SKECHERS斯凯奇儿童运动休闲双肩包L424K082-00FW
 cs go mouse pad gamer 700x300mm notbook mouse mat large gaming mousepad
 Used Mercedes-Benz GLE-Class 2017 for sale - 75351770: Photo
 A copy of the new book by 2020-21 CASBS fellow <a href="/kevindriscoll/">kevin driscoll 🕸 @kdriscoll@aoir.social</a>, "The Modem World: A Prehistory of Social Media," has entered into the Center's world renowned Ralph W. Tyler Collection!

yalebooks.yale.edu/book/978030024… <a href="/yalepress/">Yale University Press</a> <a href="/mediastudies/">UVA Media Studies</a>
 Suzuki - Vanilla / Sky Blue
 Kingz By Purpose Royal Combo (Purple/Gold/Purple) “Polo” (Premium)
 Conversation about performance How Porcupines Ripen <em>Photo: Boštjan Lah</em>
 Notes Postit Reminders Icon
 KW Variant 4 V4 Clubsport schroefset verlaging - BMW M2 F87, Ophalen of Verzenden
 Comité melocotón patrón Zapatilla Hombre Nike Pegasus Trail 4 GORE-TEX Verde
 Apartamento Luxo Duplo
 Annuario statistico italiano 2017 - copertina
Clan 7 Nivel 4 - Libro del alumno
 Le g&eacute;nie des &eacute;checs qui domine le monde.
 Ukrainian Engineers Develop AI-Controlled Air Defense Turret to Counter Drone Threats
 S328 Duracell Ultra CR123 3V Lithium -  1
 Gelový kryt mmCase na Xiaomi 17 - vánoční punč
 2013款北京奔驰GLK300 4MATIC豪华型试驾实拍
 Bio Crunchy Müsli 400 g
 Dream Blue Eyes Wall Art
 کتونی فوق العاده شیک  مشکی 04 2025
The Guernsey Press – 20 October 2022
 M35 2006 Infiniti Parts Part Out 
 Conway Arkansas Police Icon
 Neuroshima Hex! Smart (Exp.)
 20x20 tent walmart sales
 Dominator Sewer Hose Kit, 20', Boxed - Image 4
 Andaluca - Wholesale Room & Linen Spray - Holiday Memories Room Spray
::::::::
* [EXERCISE REQUIREMENTS]: Could you please repeat the data exactly as given?

* [EXPECTED ANSWER]:
SKECHERS斯凯奇儿童运动休闲双肩包L424K082-00FW
 cs go mouse pad gamer 700x300mm notbook mouse mat large gaming mousepad
 Used Mercedes-Benz GLE-Class 2017 for sale - 75351770: Photo
 A copy of the new book by 2020-21 CASBS fellow <a href="/kevindriscoll/">kevin driscoll 🕸 @kdriscoll@aoir.social</a>, "The Modem World: A Prehistory of Social Media," has entered into the Center's world renowned Ralph W. Tyler Collection!

yalebooks.yale.edu/book/978030024… <a href="/yalepress/">Yale University Press</a> <a href="/mediastudies/">UVA Media Studies</a>
 Suzuki - Vanilla / Sky Blue
 Kingz By Purpose Royal Combo (Purple/Gold/Purple) “Polo” (Premium)
 Conversation about performance How Porcupines Ripen <em>Photo: Boštjan Lah</em>
 Notes Postit Reminders Icon
 KW Variant 4 V4 Clubsport schroefset verlaging - BMW M2 F87, Ophalen of Verzenden
 Comité melocotón patrón Zapatilla Hombre Nike Pegasus Trail 4 GORE-TEX Verde
 Apartamento Luxo Duplo
 Annuario statistico italiano 2017 - copertina
Clan 7 Nivel 4 - Libro del alumno
 Le g&eacute;nie des &eacute;checs qui domine le monde.
 Ukrainian Engineers Develop AI-Controlled Air Defense Turret to Counter Drone Threats
 S328 Duracell Ultra CR123 3V Lithium -  1
 Gelový kryt mmCase na Xiaomi 17 - vánoční punč
 2013款北京奔驰GLK300 4MATIC豪华型试驾实拍
 Bio Crunchy Müsli 400 g
 Dream Blue Eyes Wall Art
 کتونی فوق العاده شیک  مشکی 04 2025
The Guernsey Press – 20 October 2022
 M35 2006 Infiniti Parts Part Out 
 Conway Arkansas Police Icon
 Neuroshima Hex! Smart (Exp.)
 20x20 tent walmart sales
 Dominator Sewer Hose Kit, 20', Boxed - Image 4
 Andaluca - Wholesale Room & Linen Spray - Holiday Memories Room Spray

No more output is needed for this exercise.